This matter is before the court on relator’s petition for a writ of mandamus, filed on April 25,1996. Respondents, the city of Toledo et al., have filed a motion to dismiss. The facts, as alleged in the petition, are as follows. Relator, Mosser Construction, Inc., is a contractor hired in 1994 by respondent Toledo (“the city”) for general contracting work. Relator has completed all work on the construction project and has made demand for payment, but the city has failed and refused to make final payment, a retainage in the amount of $60,000. Relator seeks a writ requiring the city to release the retainage. Relator also seeks its costs and attorney fees incurred in the filing of this action and requests oral argument.
In the motion to dismiss, respondents do not dispute that the work on the project has been completed. However, respondents state that relator has not complied with all the contract requirements and that there is a dispute whether relator has fully paid its workers pursuant to the prevailing wage rates and law. Respondents state that the city has an obligation to enforce the prevailing wage law on its construction projects and, therefore, has not released the retainage. In seeking dismissal of relator’s petition, respondents argue that relator does not meet the three conditions for the granting of a writ of mandamus.
As noted by the Ohio Supreme Court in State ex rel. Viox Builders, Inc. v. Lancaster (1989), 46 Ohio St.3d 144, 145, 545 N.E.2d 895, 896, before a writ of mandamus will be issued “relator must demonstrate that: (1) it has a clear right to the relief requested, (2) respondents are under a clear legal duty to perform the requested act, and (3) relator has no plain and adequate remedy in the ordinary course of the law.”
An extraordinary remedy such as mandamus is available only when the usual forms of procedure are incapable of affording relief. State ex rel. Woodbury v. Spitler (1973), 34 Ohio St.2d 134, 63 O.O.2d 229, 296 N.E.2d 526. In State ex rel. Bross v.
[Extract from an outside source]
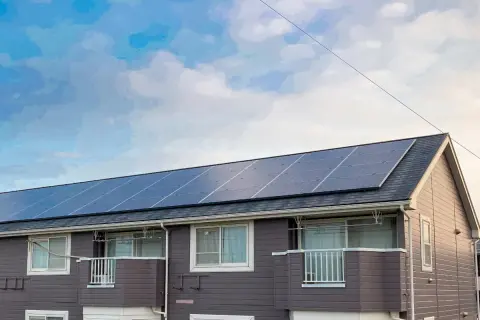 「実は太陽光発電は春が一番発電効率がいい」と聞いて“200万円”かけて設置した太陽光パネル。3月・4月・5月でいくら稼げる？ 何年で“元が取れる”のでしょうか？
Carpenter (1894), 51 Ohio St. 83, 89, 37 N.E. 261, 262, the court stated:
*494“Mandamus is not well adapted to the trial of questions of fact, or the determination of controversies of a strictly private nature. Its office is rather to command and enforce the performance of those duties in which the public have some concern, and where the right is clear, and does not depend upon a complication of disputed facts which must be settled from the conflicting testimony of witnesses.”
Furthermore, “mandamus may not ordinarily be employed as a substitute for an action at law to recover money.” Maloney v. Sacks (1962), 173 Ohio St. 237, 238, 19 O.O.2d 51, 52, 181 N.E.2d 268, 269.
In the instant case, relator has failed to demonstrate that there is no plain and adequate remedy in the ordinary course of law. Relator is free to utilize the usual forms of procedure available. Creasy v. Waller (1982), 1 Ohio St.3d 93, 94, 1 OBR 129, 129-130, 438 N.E.2d 414, 415.
Furthermore, relator has not demonstrated that it has a clear legal right to the relief requested and that respondents are under a clear legal duty to perform the requested act. State ex rel. Horvitz Co. v. Riebe (1975) 47 Ohio App.2d 339, 344, 1 O.O.3d 399, 401, 354 N.E.2d 708, 711-712 (Writ of mandamus allowed when work fully performed by the terms of the contract and all necessary approvals by city officials required under contract had been obtained.).
Accordingly, relator’s petition for writ of mandamus is found not well taken and denied. Respondents’ motion to dismiss is granted. Relator’s request for oral argument is also denied. The petition is dismissed at relator’s costs. It is so ordered.
Motion to dismiss granted.
Melvin L. Resnick, P.J., Handwork and Glasser, JJ., concur.